On connaît peu le cinéma du Bangladesh, petit pays écrasé par son imposant voisin, l’Inde — avec qui il entretient des rapports historiques très forts depuis son indépendance en 1971 et l’afflux de réfugiés bangladeshis dans l’État indien du Bengale (les deux régions partagent en effet une langue et une culture communes). Plus souvent dans l’actualité pour sa pauvreté endémique et les conditions misérables dans lesquelles les multinationales étrangères y emploient les ouvriers, le Bangladesh possède néanmoins une industrie cinématographique relativement importante, partagée, comme en Inde, entre films commerciaux et musicaux sans grand intérêt et cinéma artistique plus pointu, telle cette œuvre réalisée par la jeune cinéaste Rubaiyat Hossain. Une très belle découverte.
Scènes de la vie conjugale
Roya s’ennuie. Elle a pourtant la vie rêvée pour beaucoup de Bangladeshis : elle a fait un mariage d’amour avec un homme riche, poursuit une carrière d’actrice dans une production adaptée du grand écrivain bengali Rabindranath Tagore et a réussi à échapper à l’éducation très conservatrice de sa mère musulmane. Comme lui dit sa domestique, dont elle a pris l’éducation à sa charge, « tu as de la chance parce que ton mari ne te bat pas ». Cela devrait lui suffire, mais Roya n’est pas satisfaite. La preuve : on lui verra à peine esquisser un sourire tout au long du film.

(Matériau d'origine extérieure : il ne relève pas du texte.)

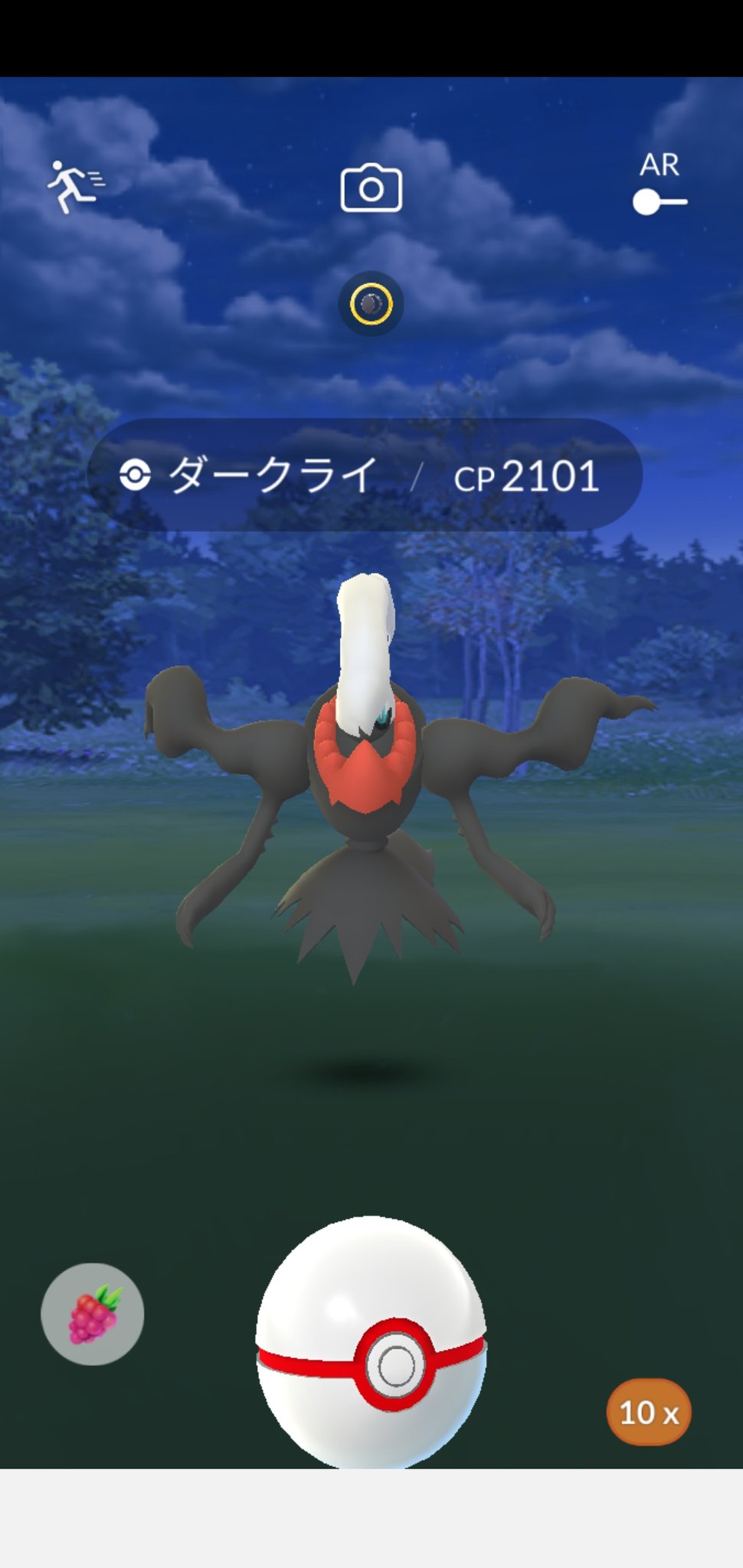 Amazinghisa Auf Twitter 今日のポケモンgo活動 今日もダークライ 捕獲はできましたが フリーでの色違いは難しいですね ポケモンgo ダークライ T Co Fyf7q38cx5 Twitter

La force de cette héroïne (superbe Shahana Goswami, actrice indienne vue notamment dans Les Enfants de minuit de Deepa Mehta) est de n’être à aucun moment unidimensionnelle. Sa vie, bien sûr, n’est rêvée que sur le papier : son mari n’est compréhensif qu’en apparence, et les devoirs conjugaux lui pèsent (dans tous les sens du terme) une fois la nuit tombée. Sa carrière professionnelle est mise en danger par son âge : après dix ans à interpréter le même rôle, une actrice plus jeune et plus fraîche est pressentie pour la remplacer. Elle ne parvient pas non plus à contrôler la vie de sa jeune domestique, qui finit par lui échapper, séduite par un des employés de l’immeuble. Enfin, elle a encore besoin de l’approbation d’un homme, producteur de théâtre reconnu (interprété par l’acteur indien Rahul Bose), pour se lancer dans des choix professionnels audacieux et s’extirper de l’emprise de son mari qui la préférerait en femme au foyer. Mais son ambition ne peut trouver à se réaliser qu’au prix d’un égoïsme inusité, de la part d’une femme, dans l’élite conservatrice de la société bangladeshie.
Under Construction
Roya, comme le suggère le titre anglais du film, est « en construction ». Sans revendiquer un message féministe, Rubaiyat Hossain l’utilise comme un symbole de ces femmes assoiffées d’indépendance mais conscientes du certain fatalisme de leur condition — ainsi de la détresse de Roya quand elle constate que sa domestique, enceinte avant le mariage, n’a plus d’autre choix que de s’installer dans un bidonville (et semble s’en contenter). Roya a toutes les clefs en main pour prendre son envol mais le veut-elle vraiment ? La cinéaste illustre le propos par de belles séquences de rêve, où la tentation de la liberté prend ainsi l’apparence d’un énorme serpent.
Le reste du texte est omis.